Rates of such transplants among white patients used to far surpass those in blacks, but U.S. data on nearly 200,000 end-stage kidney disease patients shows that disparity had disappeared by 2010. Rates remained stable in 2011 and that trend likely has continued, said Dr. Jesse Sammon, the senior author and a urologist-researcher at the Henry Ford Health System in Detroit.
The rate among black patients climbed from 93 per 1,000 patients in 1998 to about 128 per 1,000 patients in 2010 and 2011. That was also the 2010-11 rate for whites, a slight decline from 1998.
The trend among blacks was "driven wholly by increased rates of transplants from deceased donors," the study authors said. About 80 percent of operations in blacks in 2011 were cadaver organs, which tend to fare worse than those from living donors.
So while the study is mostly "good news," more work is needed to eliminate racial disparities among kidney transplant recipients, Sammon said.
The study was published Monday in JAMA Internal Medicine.
"This is what we've been working for years, to make sure we have equitable access to every potential candidate across the United States," said Dr. Mark Aeder, chairman of the United Network for Organ Sharing' kidney committee. He was not involved in the research.
The trend likely stems from a 2003 change in a national allocation policy for donor kidneys which eased a restriction on certain partially matched donor kidneys. Transplants have the best chance of success when donor organs contain certain proteins that completely match those of the recipient. Perfect matches are most likely when donors and recipients are the same race, but transplants involving partial matches also can work.

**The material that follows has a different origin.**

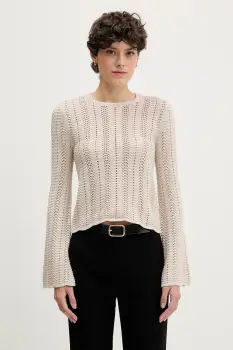 Sisley pulover de bumbac culoarea bej, light, 1494M106O imagine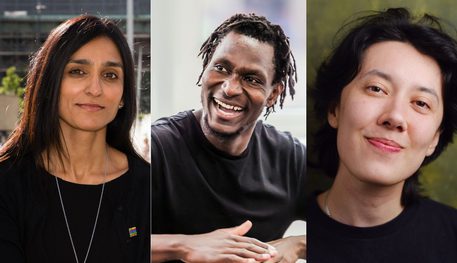 Headshots left to right for mentors Aisha Khan, John Rwothomack and Frey Kwa Hawking.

With improvements in transplant techniques and in drugs to prevent transplanted organs from being rejected, recipients of partially matched organs can fare well, Aeder said.
A new matching system that took effect last December was designed in part to further improve rates among African Americans. Its features include counting waiting time for a kidney from the date patients start dialysis, rather than when they joined the transplant list. Transplants generally go to those who've waited the longest.
End-stage kidney disease is more common in blacks, and they comprise about one-third of patients on the national waiting list for kidney transplant.
Dr. Dorry Segev, an organ transplant specialist at Johns Hopkins University, noted that younger blacks on dialysis die at nearly twice the rate of whites and are less likely to be referred for a transplant. Still, he said it's encouraging that once on the list, "they receive fair organ allocation and achieve good transplant outcomes."